When I purchased the kiln, I decided not purchase the furniture kit at the same time because I'd come across a random video on youtube that talked about issues with your typical Cordierite kiln shelves (warping, glaze runs, kiln wash flakes, etc.) that made me want to research more options. Thus, it's lead me to this site where I've been reading through several posts and seeing various recommendations surface. It seems like the Advancer shelves or nitride bonded silicon carbide are a much appreciated option over the standard Cordierite kiln shelves—albeit with a significant upfront cost. I've also seen recommendations for the Thermal-lite and CoreLite shelves, but apparently, they do not appear to come in the size that I need. It looks like Advancer shelves do come in the size I need. What I'm less certain of are:

  • Now or later Is now the right time to make an upfront investment? Or, as a newbie, would you rather have started with a standard Cordierite shelves and 'graduate' up later?  If you had to do it all over again, what would you recommend for yourselves? 
  • Shelf qty Is the way I'm calculating shelves and stilt quantities correct? It seems like the bottom-most shelf should be on a 1/2-1" stilt to improve circulation (at least from what I've seen on, youtube).
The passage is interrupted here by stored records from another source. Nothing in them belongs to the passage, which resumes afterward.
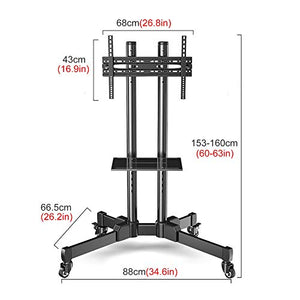 SSZY Black Tilt Rolling TV Cart for 32-70 Inch LCD LED TVs with Wheels & AV Shelf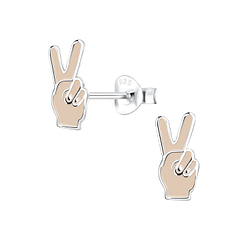 Wholesale Sterling Silver Peace Sign Ear Studs - JD10707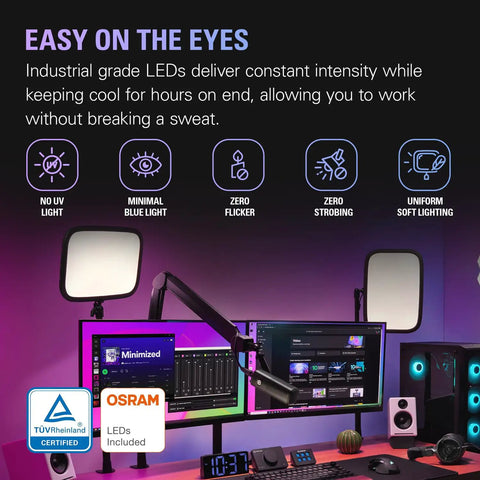 Boss Level Studio Light For Streaming And Recording With Desk Clamp WiFi App Control setup with dual monitors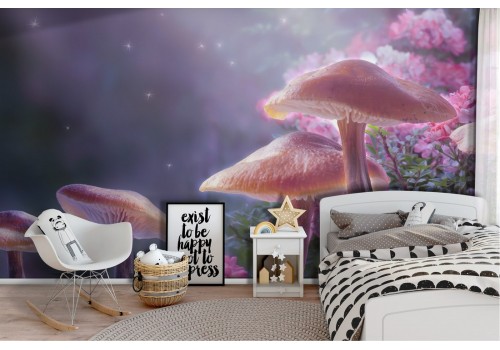 Carta da Parati bambini paesaggio fantasy funghi 2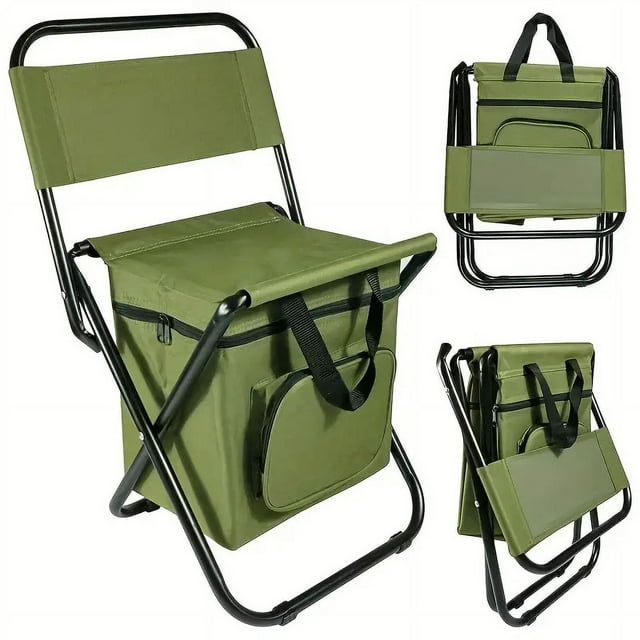 GVDV Backpack Cooler Chair Fishing Chairs with Backrest Folding Camping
Since the 822 is 22" deep, and given that bottom requirement, I've calculated that I could essentially have: 
    bisque firing 3 shelves to stack ware, with posts / stilts at 6"
    glaze firing at max, 5-6 shelves, using either 4" or 3" posts / stilts, respectively 
    - I juuuust may be able to have the budget to cover purchasing 3 full shelves, and 6 half shelves to achieve this— is the number of shelves unrealistic, given the space? 

To help answer the questions, maybe it might help to know more info? 
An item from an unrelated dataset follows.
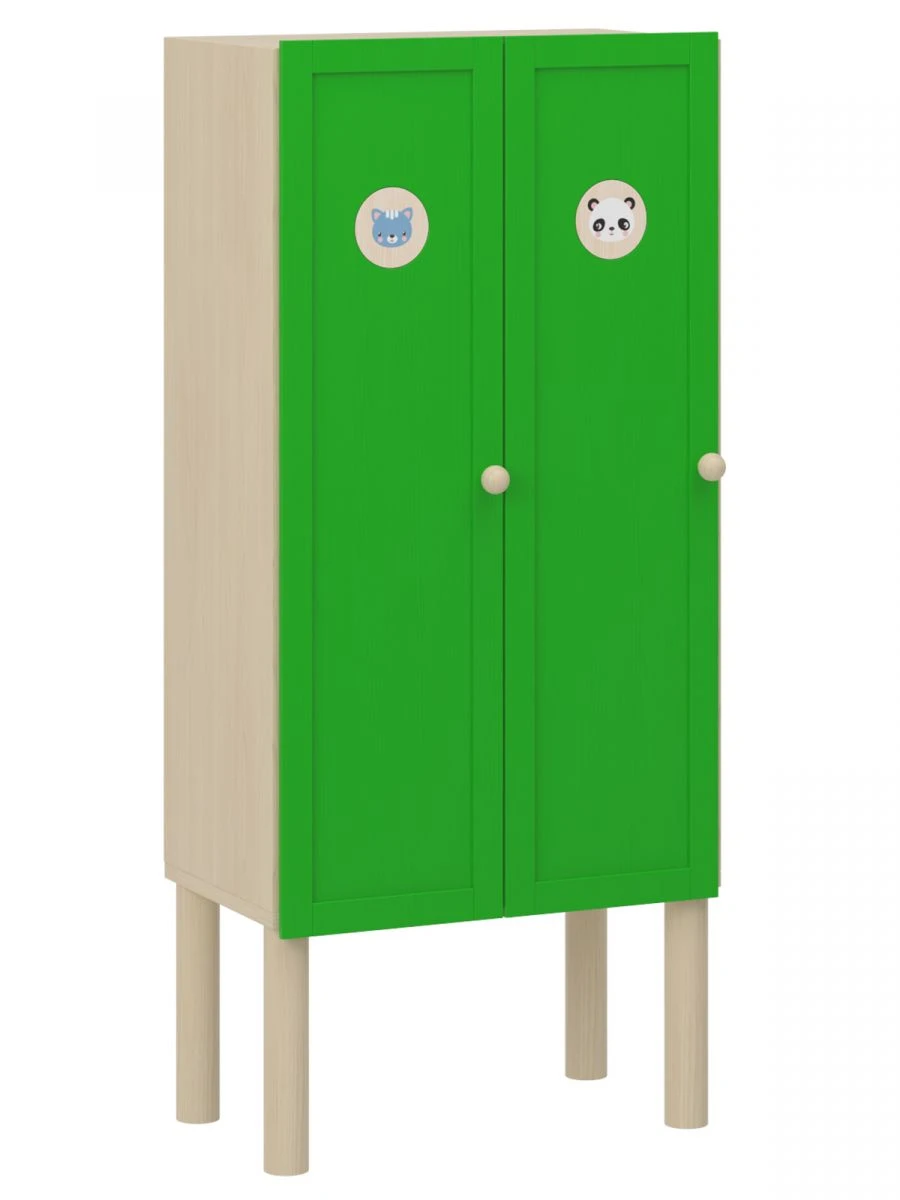 Locker room cupboard / 2 sections / green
  • What kind of clay body do I use? I usually throw B-mix that fires to cone 10; I also throw cone 10 Porcelain (which I heard has flux and will need either a kiln wash on the shelf or application of a mix of alumina hydarte with wax resist to the foot of the piece)
  • What kinds of objects do I throw? I mainly focus on low profile bowls (2-5" tall), plates, but am starting to throw small vases and hope to also do teapots and larger bowls at some point
  • How frequently do you I plan to fire? While I wish I could do more, realistically, I am only able to throw on weekends and on some evenings once in a while, unfortunately – so the firings will be based on my schedule and how much I can throw! 

Appreciate you reading this far — and please, if there is a post that already covers this that I did not find, please feel free to link it in the response for me to follow up.

Looking forward to hearing from the community! 

moonari

p.s. I'm so glad this site is here!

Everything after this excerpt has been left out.